Grandmamories

Hey Grandma, how are you there? It has been sooo long, 11 years, isn’t it? You know what? I do really miss you.

Last week,  I saw Letters to God with my friends. I cried at many parts of the movie (its story is about a boy who suffers brain cancer). Yes, it was really sad, but actually, most of my tears fell down because the movie reminded me of you. I remembered that day, when God sent a really heavy rain (or was it a thunderstorm?) as your breath was fading away. It was scary; the sky was dark grey, wind blew hard, thunders and storms were everywhere, the adults were panic and crying. Then, you’re gone.

You don’t know how much I miss you. I miss talking to you, discussing my homework, being lulled as I fell asleep, joking around with you, and anything that involved us.

Do you remember when I had an art homework? My drawing was soooo bad at that time, so I begged you to draw for me. Then you finished it by yourself. You even colored it. Then I got 90 for it. It was beautiful, I should have kept it. Thank you very much 🙂

I still remember, every morning, before my sister and I went to school, we always had porridge+soy sauce+’tahu’ for breakfast. Then on Sunday morning, we bought ‘surabi’ in front of Ramayana, and we went there by ‘becak’. Sometimes we went to ‘alun-alun’ and played there. Oh, we also went to Villa Istana Bunga in Lembang, we bought ‘ketan bakar’, met some cute rabbits, swam. We once went to Puncak and visited Masjid Maisy. I don’t know what its real name, but we call it that way because a singer, Maisy, made her video clip there, hahaha. The mosque was beautiful (I haven’t gone there for years), and we stayed there for a while to take a rest and we took photos. How fun my life was.

That was before the cancer took it all. Your right eye was taken out from your eye socket. The chemotherapy made you bald. You turned thin, very thin. I was mad. I was mad at that mean cancer. How dare it took all from you.

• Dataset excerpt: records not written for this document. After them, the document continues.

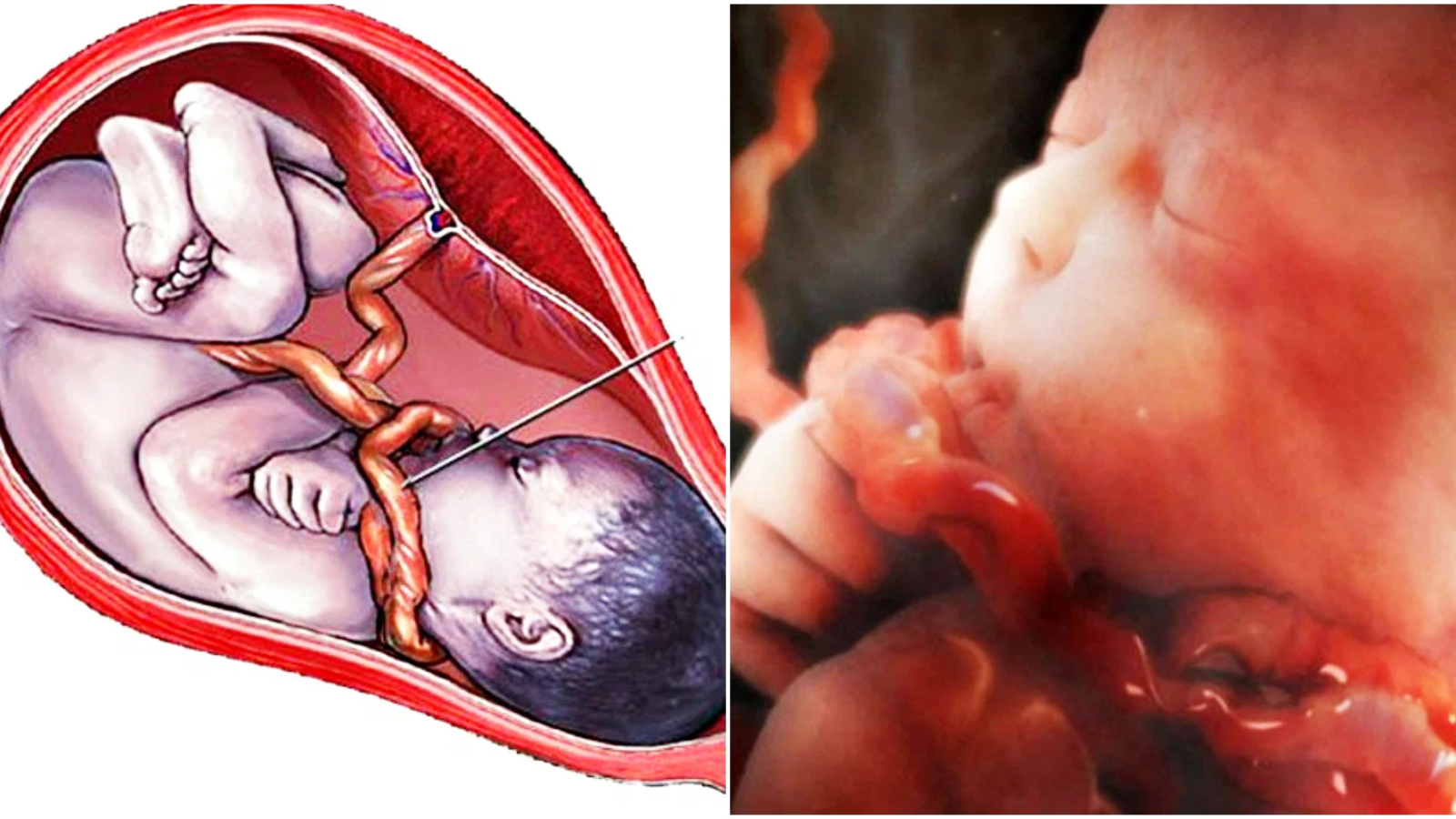 Nếu xoa bụng không đúng cách có thể làm tăng nguy cơ dây rốn quấn cổ nếu thai nhi vận động nhiều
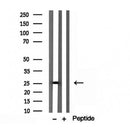 DF12157 staining HepG2 by IF/ICC. The sample were fixed with PFA and permeabilized in 0.1% Triton X-100,then blocked in 10% serum for 45 minutes at 25¡ãC. The primary antibody was diluted at 1/200 and incubated with the sample for 1 hour at 37¡ãC. An  Alexa Fluor 594 conjugated goat anti-rabbit IgG (H+L) Ab, diluted at 1/600, was used as the secondary antibod
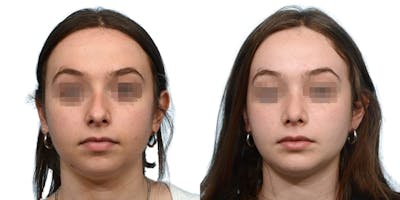 Chin Augmentation Before & After Gallery - Patient 106158 - Image 1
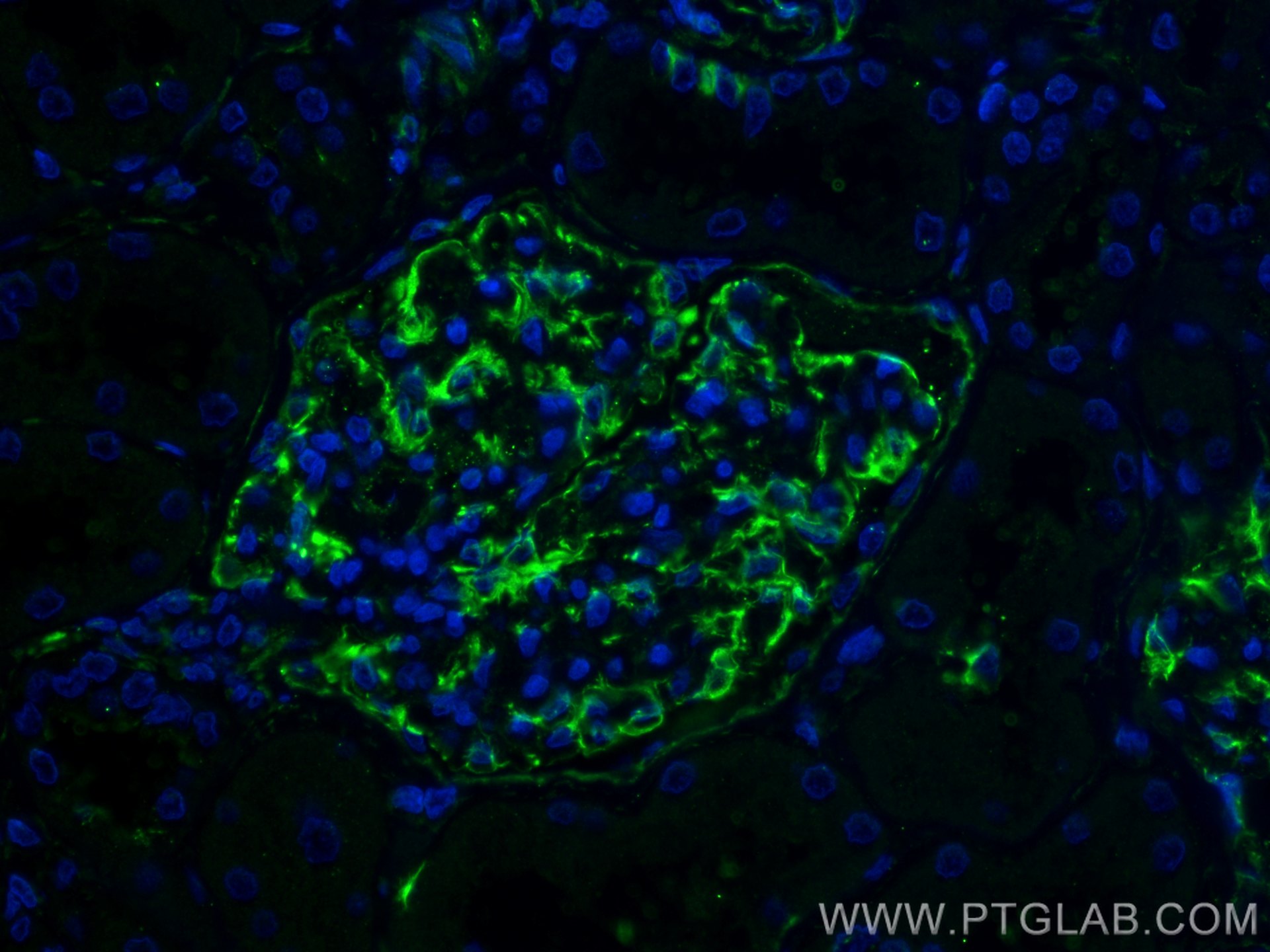 Immunofluorescence (IF) / fluorescent staining of human kidney tissue using Vimentin Polyclonal antibody (22031-1-AP)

I remember, on my birthday, when the mean cancer hadn’t come yet, you took me to a mall to buy a present. You said, I can choose it. But I was confused in choosing between a small pink book and…something, I forget. Then you said that you prefer the book, so I chose that small pink book. Since then, you taught me how to write and to share stories on it. Almost everyday I wrote. I wrote every single thing that happened on that day; I talked to my Dad (who was studying abroad) by chatting on internet and he promised that he would take me to a park, I had finished learning Arabic letters, what I had for breakfast, everything. I also drew on it. Well, I think you’ve made my passion in writing. I prefer sharing my stories by writing than speaking. Writing is fun. When I write, every thoughts flow, turn into words and phrases and sentences and paragraphs. I can show my feelings, my thoughts, and share stories. I keep writing, until today I still write, and I write this post.

Grandma, I write this post for you. I wish you were here and read this post and so you know how much I love you. I do love you, even I have never told it to you. Trust me, I do really really really love you, and I mean it. No matter what, I do, and will always love you.